On 17 October 1714, the Governor of the Cape Colony award the farm Blommesteijn to Theuns Dirksz van Schalkwyk. Van Schalkwyk was a Dutch immigrant. In September 1732, the farm was granted to van Schalkwyk’s daughter Anna Dirksz Brommert (Nee van Schalkwyk). At the same time Anna also received Door de Kraal farm, which previously belonged to Tryntje Theuinisse. These two farms became one and was known as Door de Kraal. Johan Albrecht Dell was the new owner in 1814. Cornelis Valkenburg de Villiers bought the farm in 1866, and his son JH de Villiers inherited it in 1899. He divided the farm in four parts; one part remained Door de Kraal, one part he sold to Hume Pipe Company (This company mined clay in Bellville's Quarry), one part he gave his son JJH de Villiers (it was called de Bron) and the fourth part to PHT de Villiers (it was called Witboom). PHT de Villiers sold Witboom for residential development in 1948. It then became Kenridge. (PHT de Villiers part was the old Blommesteijn farm).

Municipal dispute

In 1969, a dispute arose between the municipalities of Bellville and Durbanville, as to under whose jurisdiction Kenridge fell. In January 1971, it was decided that Kenridge fell under Bellville and the area closer to Durbanville under their jurisdiction. The Durbanville area was then called Kenridge Heights.

Schools

Only one school is in the area namely Kenridge Primary. An old farm cowshed was not yet demolished in 1954. In January 1955, the school started in the cowshed. It was called "old Barn". The school was official opened by P Swiegelaar on 20 September 1956. Head Masters through the years were: (1955-1957) P. Marsford, (1957-1971)F.Swiegelaar, (1971- 1972) L. Hoorn, (1972- 1989) G. F. van Wyk,(1989- 1993) M. Lötter, (1993- 2010) G.V. Albrecht and from 2010 S. Smith. Jacobus Johannes (Koos) de Villiers owner of the farm Morgenster Durbanville hills and husband of endurance horse rider Gillese Hayward.
was one of the first pupils.

Surrounding suburbs

It is surrounded by fellow Bellville suburbs, Eversdal and Door-de-Kraal.
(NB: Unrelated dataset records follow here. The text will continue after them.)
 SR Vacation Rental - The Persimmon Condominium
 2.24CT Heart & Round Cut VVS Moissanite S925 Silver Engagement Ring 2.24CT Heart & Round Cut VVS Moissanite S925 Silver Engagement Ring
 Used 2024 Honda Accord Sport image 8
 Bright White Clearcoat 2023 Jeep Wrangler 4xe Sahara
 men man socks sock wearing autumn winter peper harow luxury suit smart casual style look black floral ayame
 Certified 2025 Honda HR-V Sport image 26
As it is on the border of Bellville, it has a Durbanville neighbouring suburb called Durbanville Hills and Kenridge Heights.

Notable residents

Amore Bekker Radio presenter at Radio Sonder Grense (RSG)
Dane Piedt  Off-breaker bowler for South Africa national cricket team (Proteas)
Stiaan van Zyl Al-rounder for South Africa national cricket team (Proteas)
Jean-Luc du Plessis(son of Carel du Plessis)  fly-half for the rugby team Stormers

Climate

It rains primarily in the winter, with average rainfall of 465mm per year. It seldom gets colder than 7 °C and its average temperature in the months of November to February is 26 °C to 27 °C.